2. Section 4(e) is modified by adding the words “Subject to all applicable Privacy Laws (as hereinafter defined),” at the beginning of the first sentence.
3. Section 4(f) is amended in its entirety to read as follows:
“Borrower shall not lease any portion of the Mortgaged Property for non-residential use except with the prior written consent of Lender and Lender’s prior written approval of the Lease agreement with the exception of any Operating Lease which has previously been approved by Lender; provided, however, that Lender’s prior written consent and prior written approval shall not be required with respect to commercial leases for hair salons, physical therapy spaces, or other leases covering floor space not exceeding 3,000 square feet, provided that the lessee and its business and non-residential use of a portion of the Mortgaged Property are consistent with similarly situated senior housing facilities (an “Immaterial Commercial Lease”). Borrower shall not modify the terms of, or extend or terminate, any Lease for non residential use (including any lease in existence on the date of this Instrument) without the prior written consent of Lender; provided, however, no such consent shall be required with respect to any modification, extension or termination of any Immaterial Commercial Lease.
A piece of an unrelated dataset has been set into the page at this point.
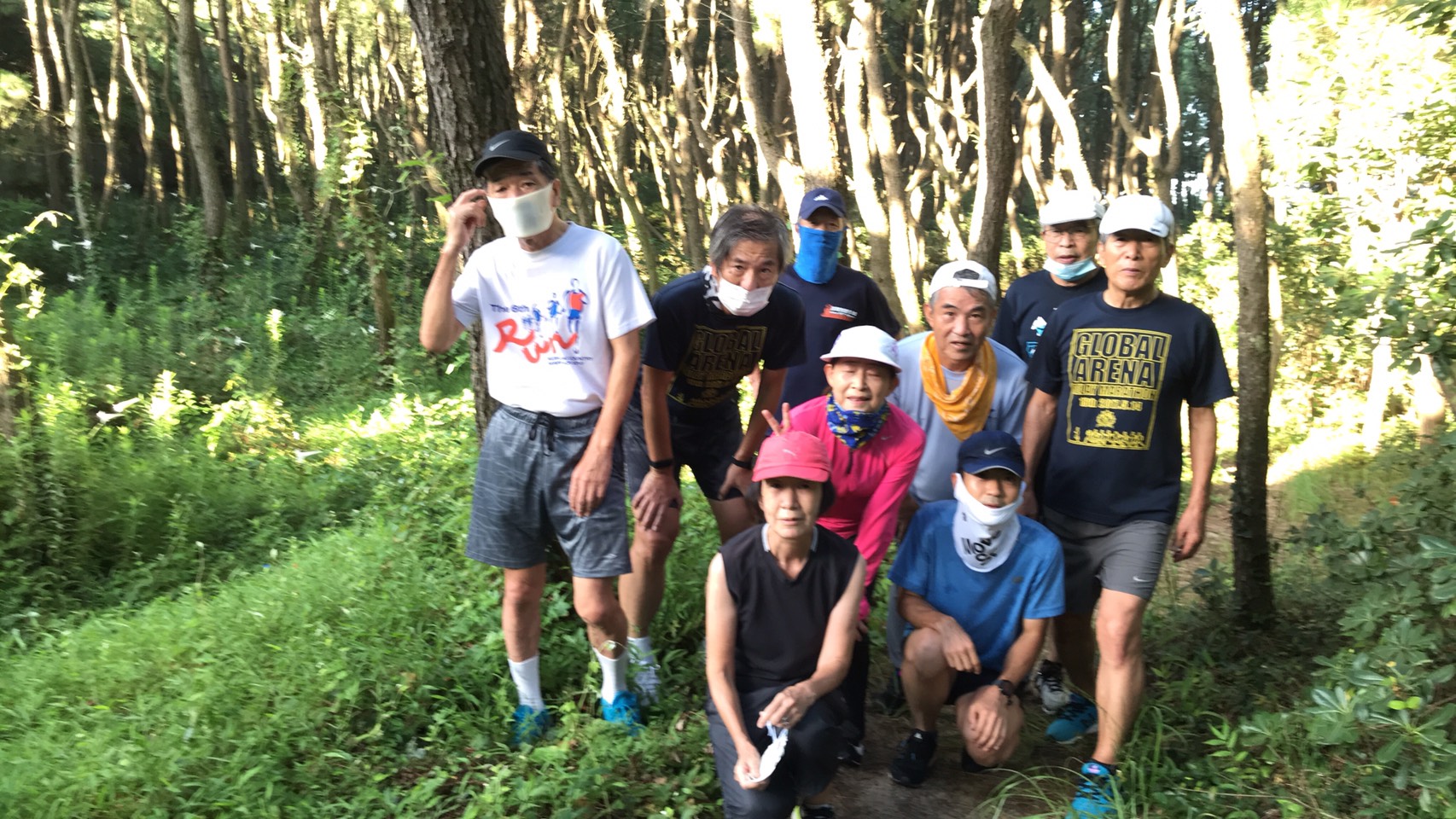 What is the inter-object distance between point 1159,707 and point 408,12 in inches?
178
Borrower shall, without request by Lender, deliver an executed copy of each non residential Lease to Lender promptly after such Lease is signed. All non residential Leases, including renewals or extension of existing Leases, but specifically excluding all Immaterial Commercial Leases, shall specifically provide that (1) such Leases are subordinate to the lien of this Instrument (unless waived in writing by Lender); (2) the tenant shall attorn to Lender and any purchaser at a foreclosure sale, such attornment to be self executing and effective upon acquisition of title to the Mortgaged Property by any purchaser at a foreclosure sale or by Lender in any manner; (3) the tenant agrees to execute such further evidences of attornment as Lender or any purchaser at a foreclosure sale may from time to time request; (4) the Lease shall not be terminated by foreclosure or any other transfer of the Mortgaged Property; (5) after a foreclosure sale of the Mortgaged Property, Lender or any other purchasers at such foreclosure sale may, at Lender’s or such purchaser’s option, accept or terminate such Lease; and (6) the tenant shall, upon receipt after the occurrence and during the continuance of an Event of Default of a written request from Lender, pay all Rents payable under the Lease to Lender.”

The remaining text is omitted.